But he heard Mr. Virey elaborately saluting the great Joseph Easter, president of the Easter Trading Company; he heard Joe muttering, “Pleased meetch.” He registered for himself and Joe, and with acerbity demanded a suite of two bedrooms, two baths, and a sitting-room. He heard Mr. Virey chanting that indeed he would call up his host and discover whether his enchanting friends Mr. Prescott and Mr. Easter would be altogether welcome at the party; and that, so soon as he should have done so, he would inform Mr. Prescott.
They all did a great deal of cool but polite handshaking; and Ralph and Joe found themselves in their suite.
There was a bright, intimate little sitting-room with chintz armchairs, a magenta-shaded light on the table, a buffet with Montreal-Venetian cocktail glasses, and etchings on tapestry wall-paper. In the two bedrooms were blue silk comforters, very pleasant. And the bathrooms were of marble and nickel and tile.
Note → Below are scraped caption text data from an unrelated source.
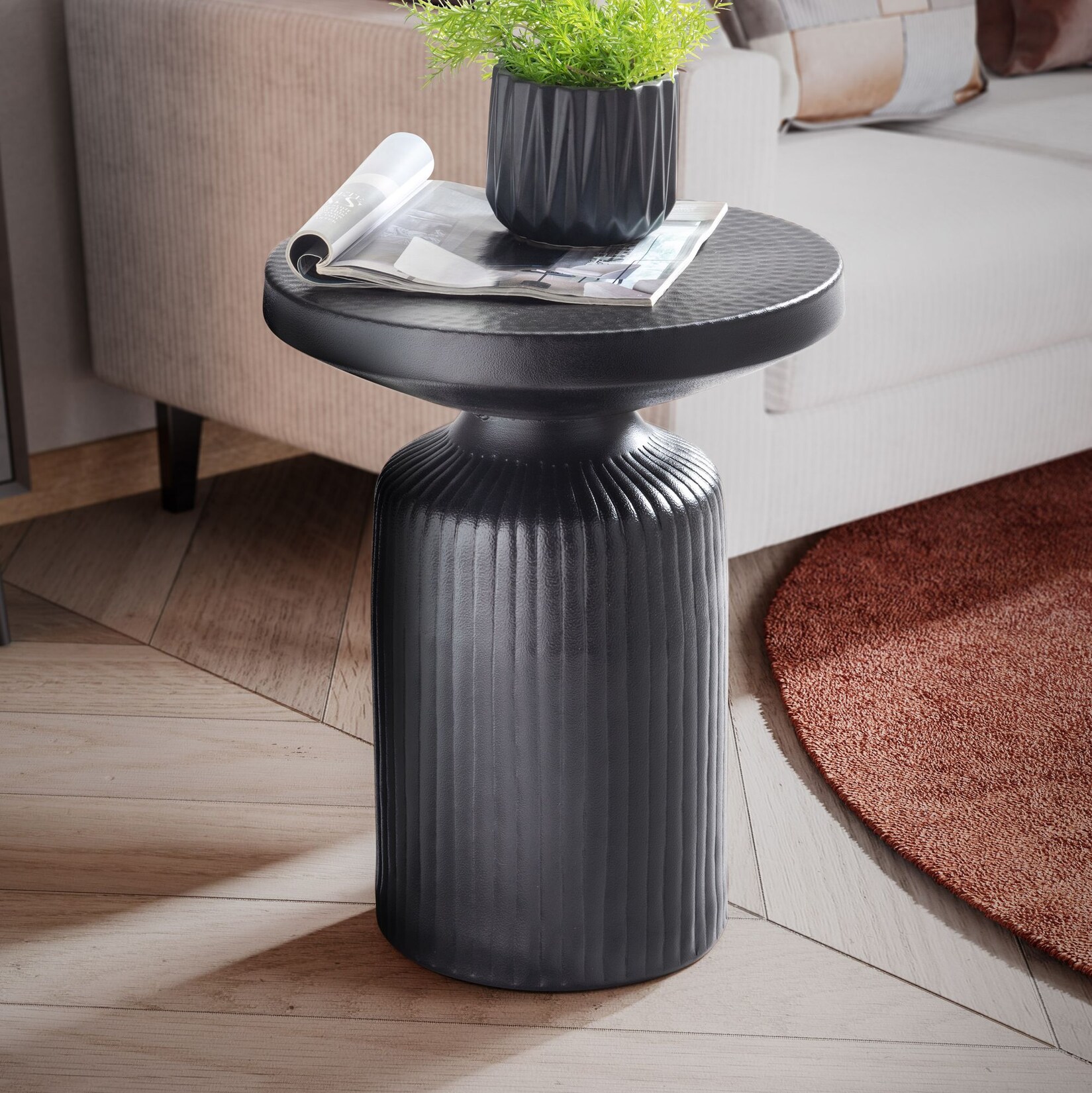 Beistelltisch FineBuy Sofatisch Metall Schwarz 40x40x50 cm Wohnzimmertisch Rund | 04251757714627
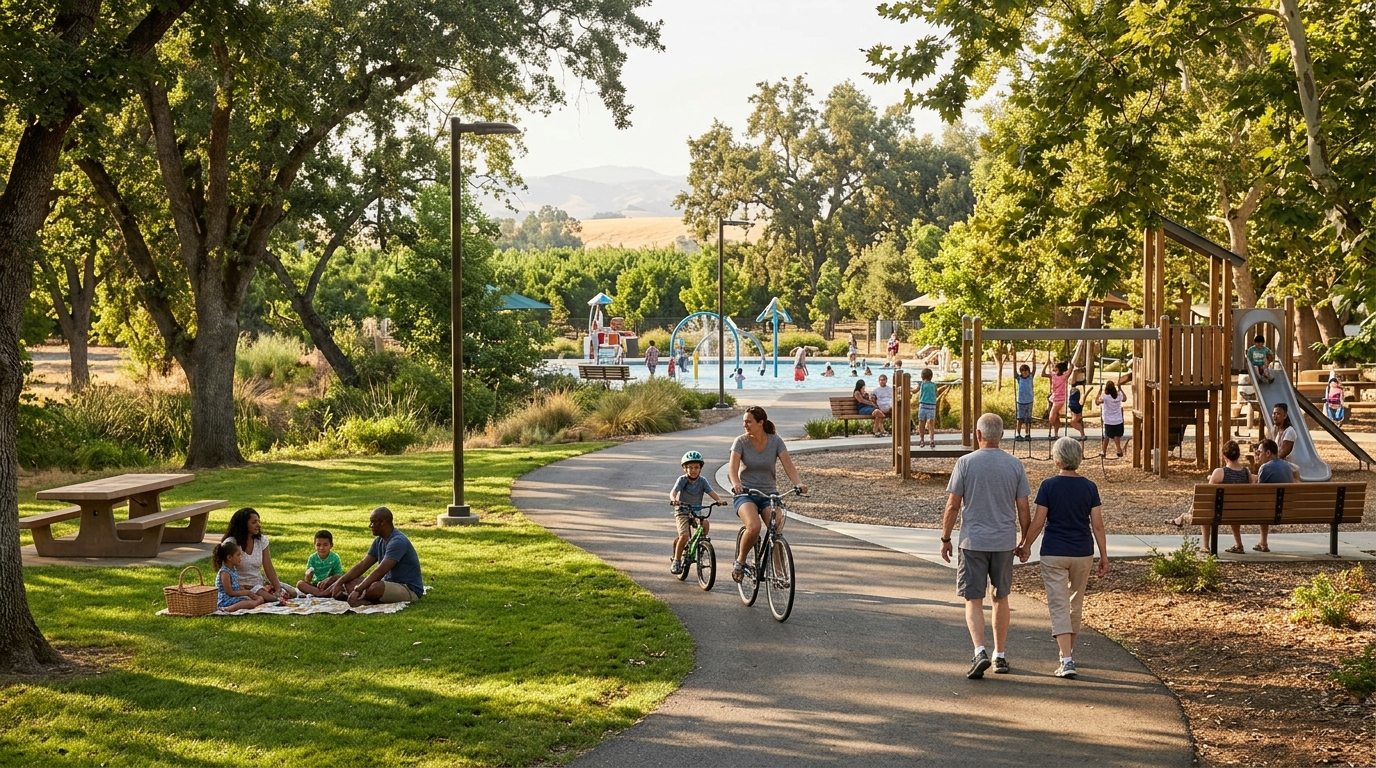 Families enjoying shaded parks walking paths and summer recreation in Yuba City California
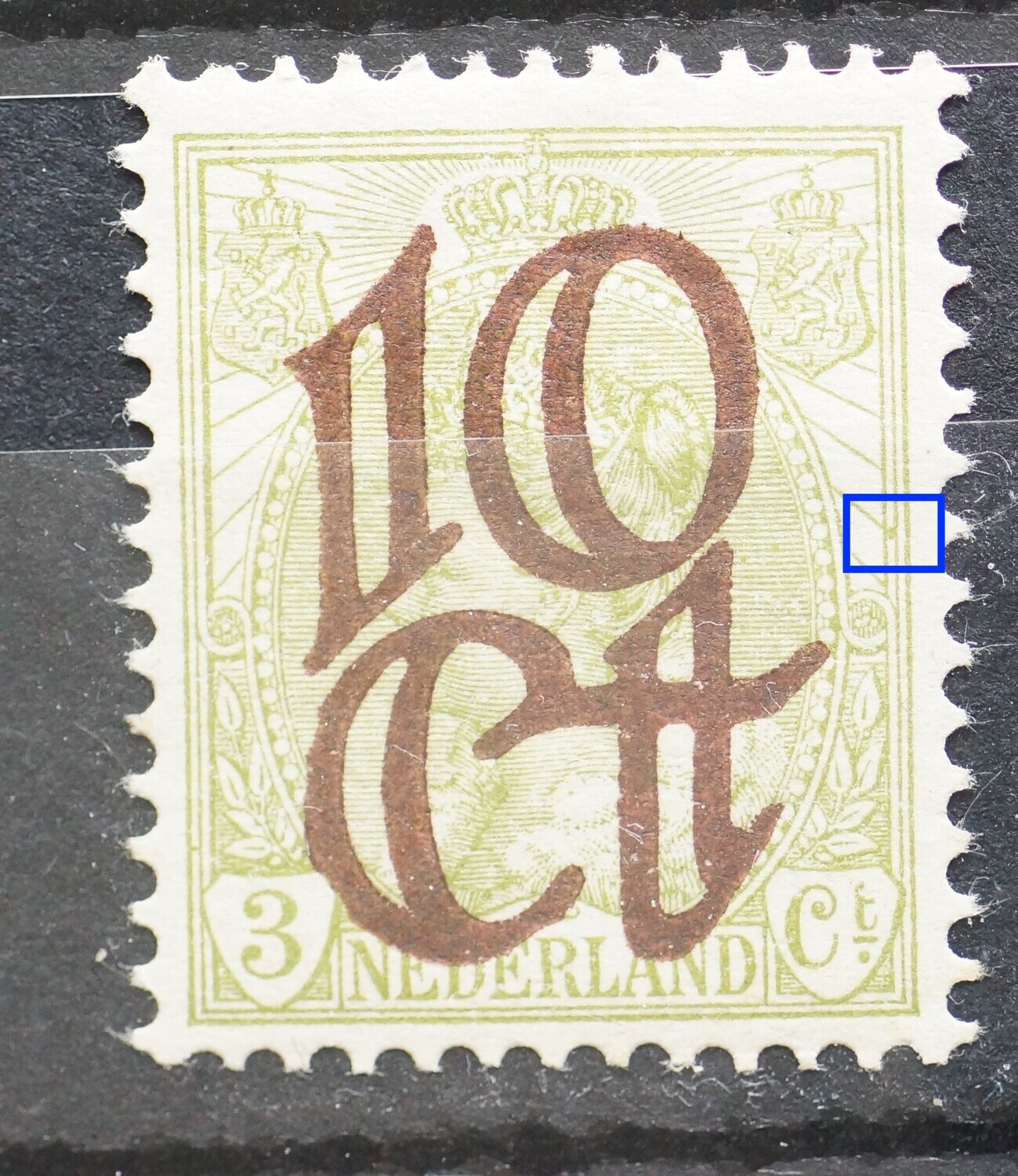 NVPH 116 - o.a. groene vlek tussen kaderlijnen rechts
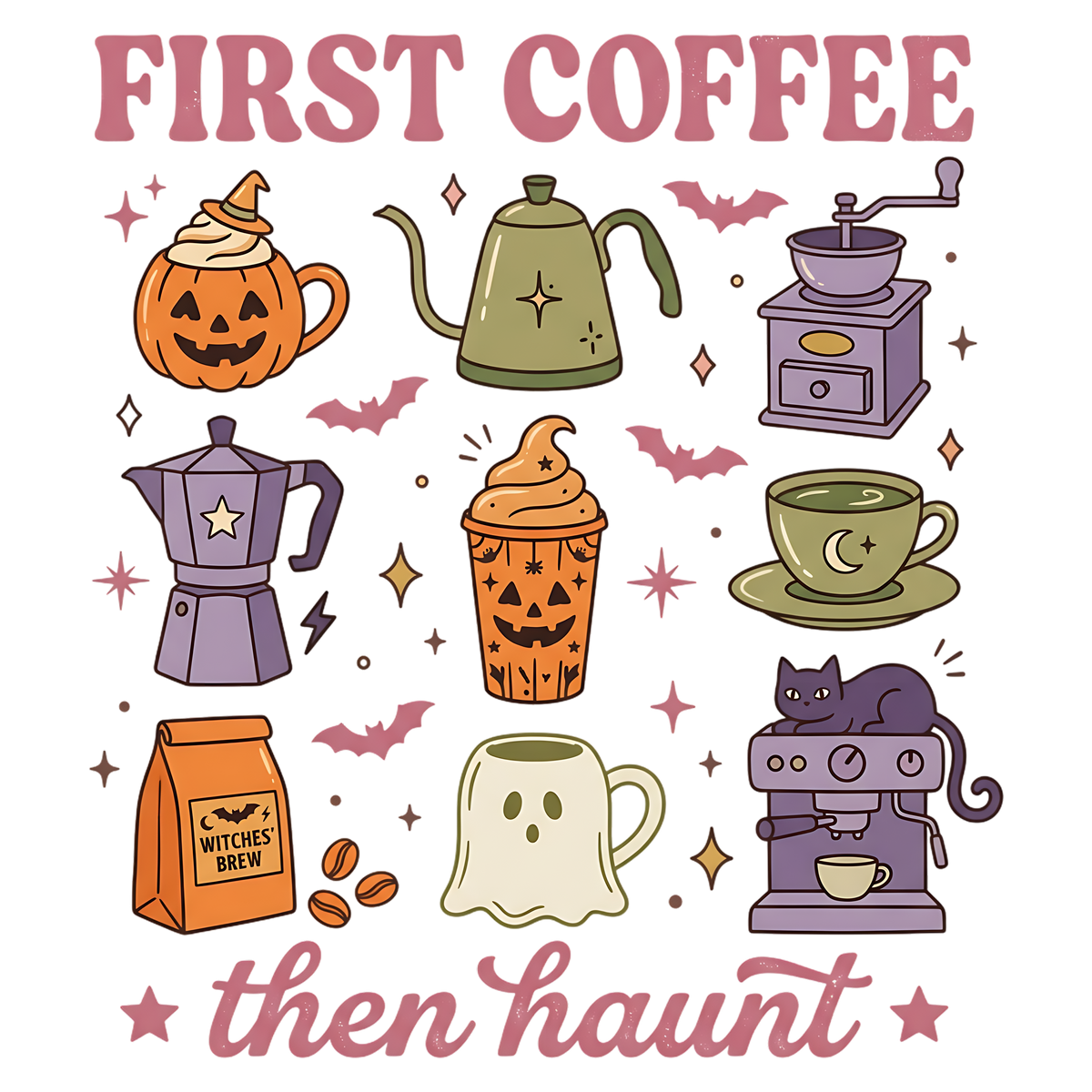 First Coffee Then Haunt Halloween PNG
Joe wandered through the suite. He stared at the etchings. With a shy red stubby finger he touched a silver and pale green table runner. He patted the springy beds, like a good housewife renting an apartment. But it was the glass and nickel enclosure of the shower-bath which made him halt.
He stood before it like a farmer in a Paris dressmaker’s shop.
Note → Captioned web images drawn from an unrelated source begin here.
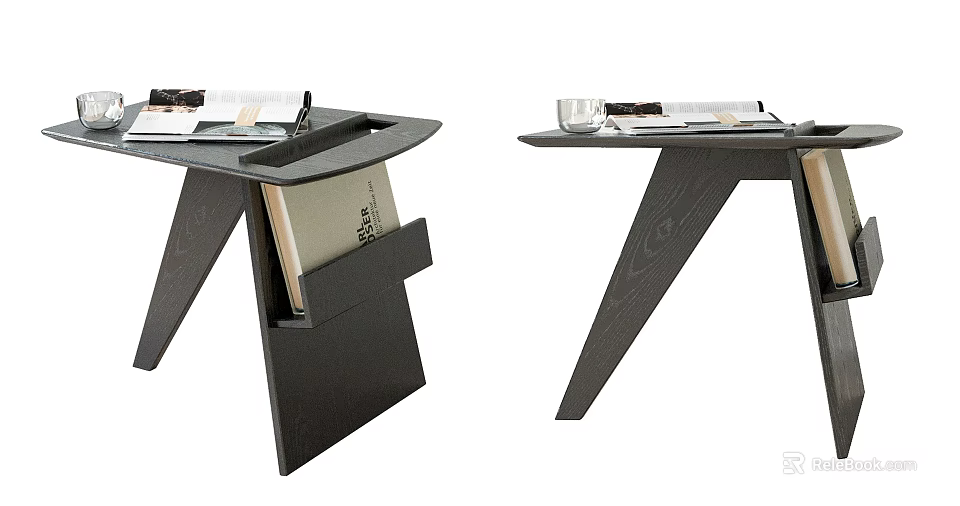 Modern Black Side Table With Magazine Storage And Top Tray Design 3d model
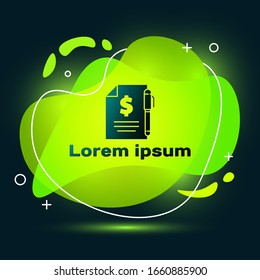 Black Contract money and pen icon isolated on black background. Banking document dollar file finance money page. Abstract banner with liquid shapes. Vector Illustration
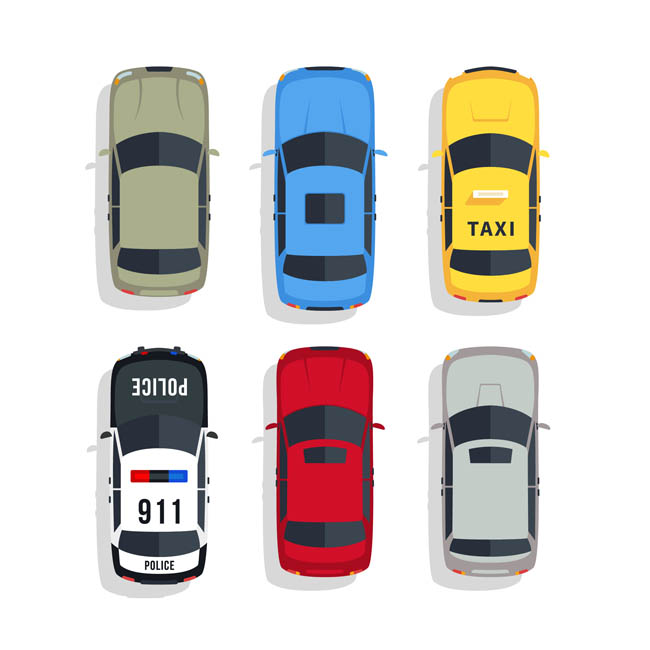 国外的出租车警车俯视图扁平化图标设计素材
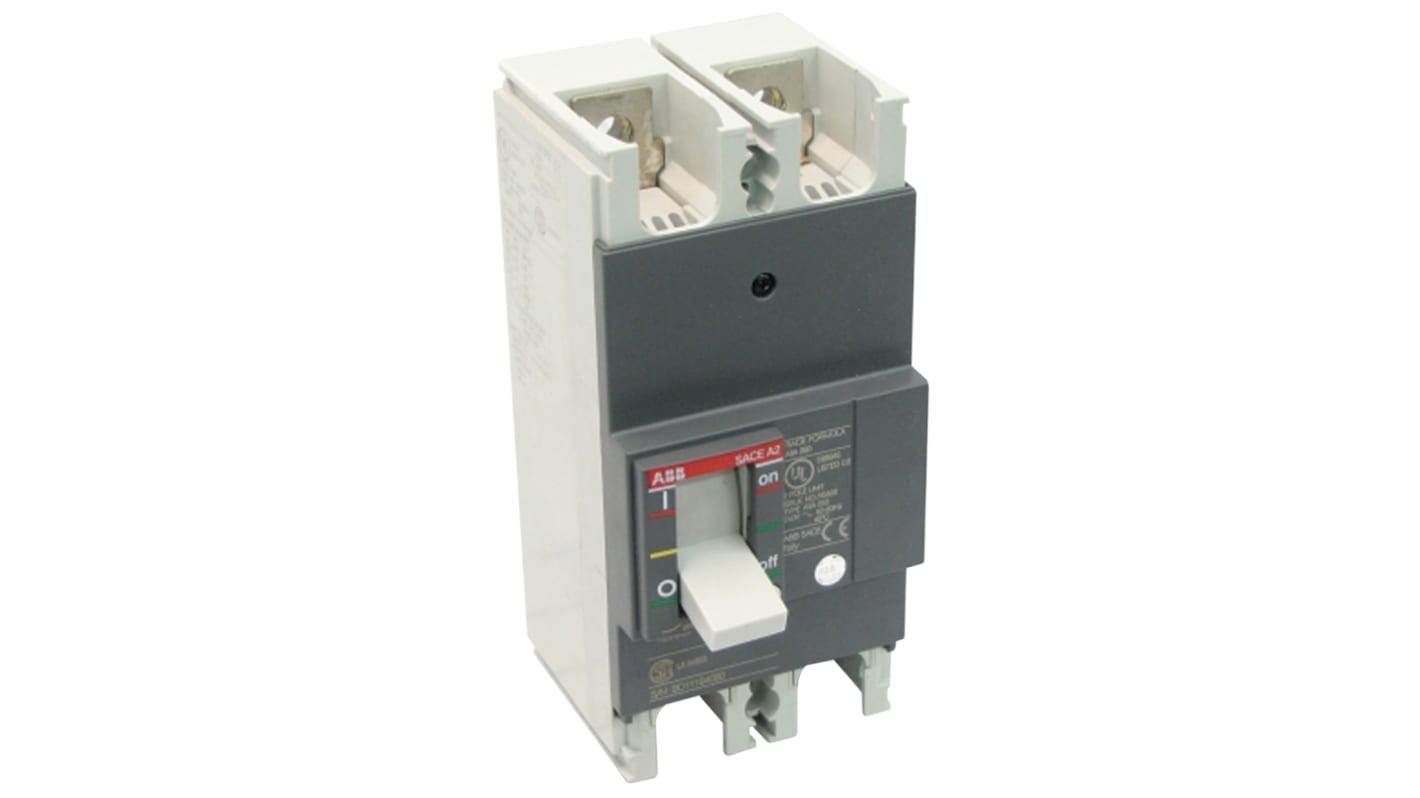 Disyuntores de caja moldeada MCCB ABB, DP Polos, 125 A, Capacidad de Ruptura 25 kA a 240 V ac, 25 kA a 250 V dc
“Gosh, can you beat it, Ralph! Say, I wouldn’t never dast strip down to my old hide and take a bath in that glass closet. Somebody might come in and snicker at me! And with that long looking-glass on the door— I must be getting modest! And the parlor with all those little lights and silk shades like shimmy-shirts— Ralph, there’s no place where you can spit here! You better let me hoof it back to the Nipigon House.”
“You’ll get used to it in two days. Why, in a week you’ll be kicking because the towels are too small.”
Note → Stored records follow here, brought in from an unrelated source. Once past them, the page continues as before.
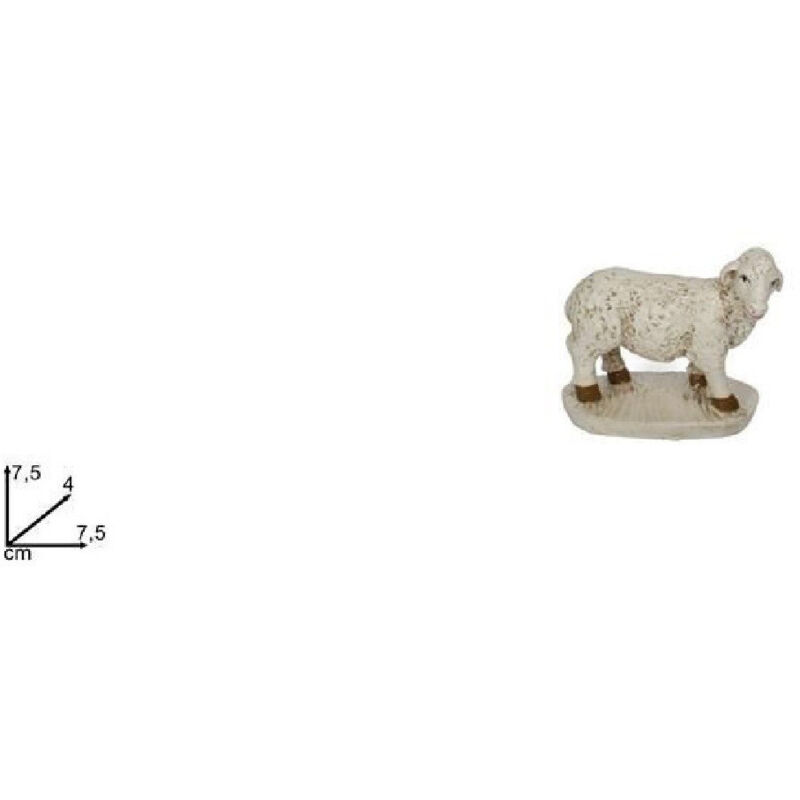 foto del prodotto trade shop traesio - statuina pecora 7.5 cm per presepe in resina decoro natale natalizio natività -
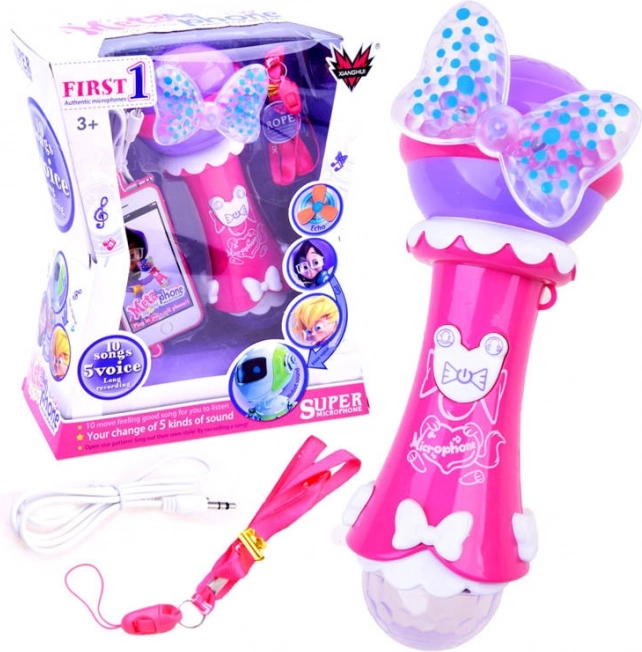 Детски караоке микрофон с запис и MP3 – Розов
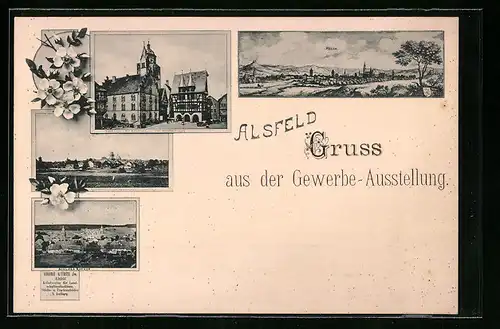 AK Alsfeld, Totalansicht, Gewerbe-Ausstellung, Schloss Romrod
Ralph unfolded a six-foot Turkish splendor.
Joe stared at it with dropping jaw. “That—a towel? I thought it was a carpet!” He touched it. “Say, a fellow could dry himself on that for two years! No sir, I just couldn’t do it—I couldn’t get it all dirty. I’ve done too much clothes-washing myself. Nope. It’s too rich for me. And look, Ralph: I don’t want to butt in on your party tonight. I’d just disgrace you. You go ahead and forget me. I’ll chase myself out to a movie.”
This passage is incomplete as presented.